Worried or confused about your first period? It’s OK to feel anxious about this, but rest assured, whatever you’re experiencing is - for the most part - absolutely normal. We’re here to clear up those rumours you’ve heard and shed a little light on what your first few periods might be like. It’s different for every girl, but here’s what you can expect...
What will your first period be like?
Let’s get real: it’s not going to be the magical experience those high school pamphlets say it will, but it’s not going to be like the horror stories you’ve seen on TV or heard from your friends, either. One day it’ll just kind of… be there. You’ll likely start your period when you’re around age 11, but if you’ve started it early (some girls start as early as age 8) or you’re a bit later, don’t worry. It will happen when puberty says so!
You’ll know your period is on the way when you start to notice other signs of puberty, such as hair growing in new places, breasts developing, and discharge from your vagina. Discharge is normal about a year before you start your period, which can act as a good indicator.
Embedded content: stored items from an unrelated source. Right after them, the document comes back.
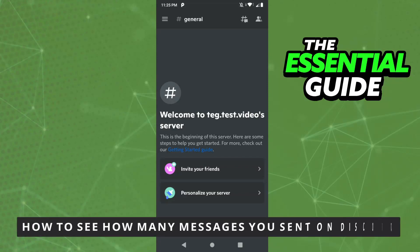Hello everybody, how's it going? Today I'll teach you how to see how many messages you sent on Discord.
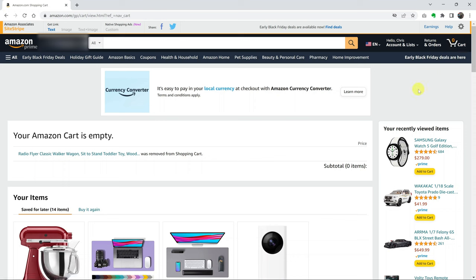And that's basically how to clear or delete items from your Amazon shopping cart. Now, if you want to find out how to do this on the mobile interface, I'll leave another video linked in the description below. So check that out. But until the next one, my name is Chris and good luck.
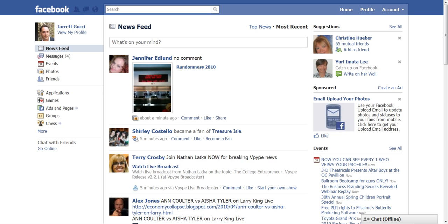Hello everybody, Jared Gucci here, Mr. Internet Tips. Got a really cool way to introduce yourself to new friends that you make on Facebook via a video introduction.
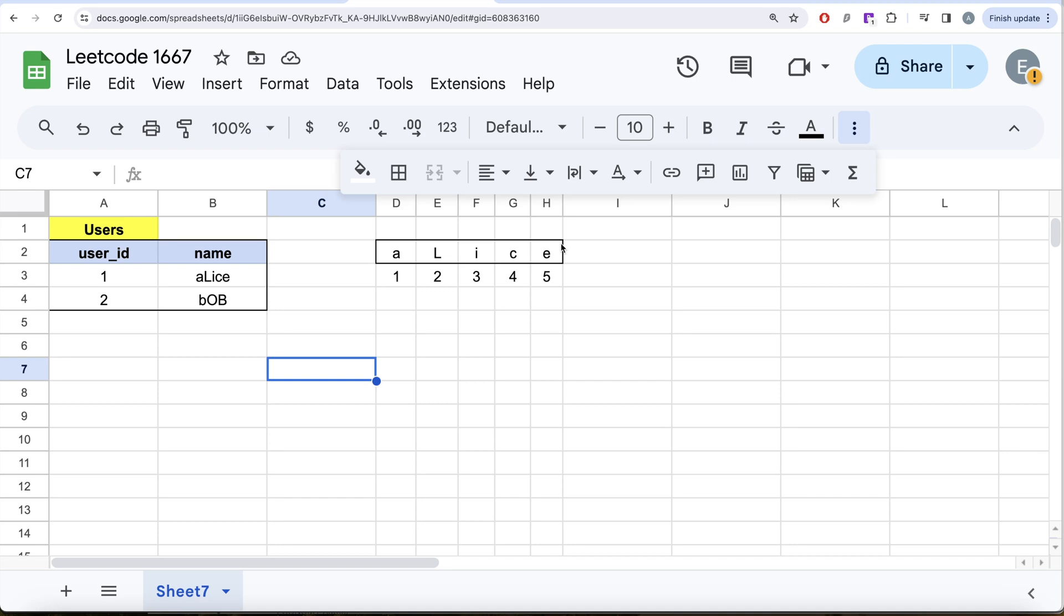So our strategy can be, since we need the first one of every word to be a capital or an uppercase and everything else to be lowercase, we can divide this into two parts.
When you feel like it’s going to arrive soon, keep some pads, wet wipes and pain relief in your bag in case of emergencies. If you find yourself at school without any period products, remember you can always ask a female teacher to help you. If this sounds like the most embarrassing thing you can imagine - trust us, it’s not! The awkwardness of period accidents has worn off by the time you’re an adult, so your teacher will help you in a discreet but casual way.
Why isn’t my period heavy yet?
Heavy bleeding isn’t exactly enjoyable, so it’s normal to be curious about when your period will become heavier so you can prepare. Your first one will just be some light spotting that lasts a couple of days. In fact, it can take girls’ bodies a few months to settle into a rhythm as their hormones stabilise. You won’t know how light or heavy your period is likely to be until a few months have passed and your body has gotten used to this change.
If you’re imagining blood coming out like a tap turning on, you can relax. Even when your normal periods arrive a few months later, it’s never a sudden heavy flow like this. Sometimes it can feel like a lot of blood that’s coming out, but in fact, it’s usually only about 3-5 tablespoons of blood - not much at all.
It’s normal to worry about leaking through your clothes, too, but know that this is very rare as long as you use the right period products and change them regularly. Plus, there are ways to cover up stains so no one will suspect: carry a change of pants in your bag, tie a sweatshirt around your waist, wear dark-coloured trousers while you have your period, that sort of thing. All great ways to cover up mishaps.
Some girls have heavier bleeding than others, and it’s usually normal, but if you feel like it’s more than it should be, or it’s affecting your daily life, speak to someone you trust who can take you to a doctor to find a solution.
Why isn’t my period regular yet?
Once your body has settled into a period routine, it will likely last 2-7 days each month. The average menstrual cycle is around 28 days, but it’s different for everyone. Irregular cycles can be as short as 21 days and as long as 45 days - it’s all up to your body’s own rhythm.
It can actually take up to 6 years for your periods to become completely regular as your body learns how to release the right hormones at the right time. These fluctuating hormones are why many teenage girls experience PMS symptoms that make them feel irritable or anxious. Remember, you can discuss this with your doctor if you feel so angry or depressed that it affects your life long-term.
It’s advisable to keep track of your periods to notice patterns in your cycle and predict when you will need to be prepared. It’s easy to do; simply mark in your diary or phone the day your period starts and ends. Nobody else needs to know that’s what you are tracking if you don't want them to, just pop in a symbol or a code word instead!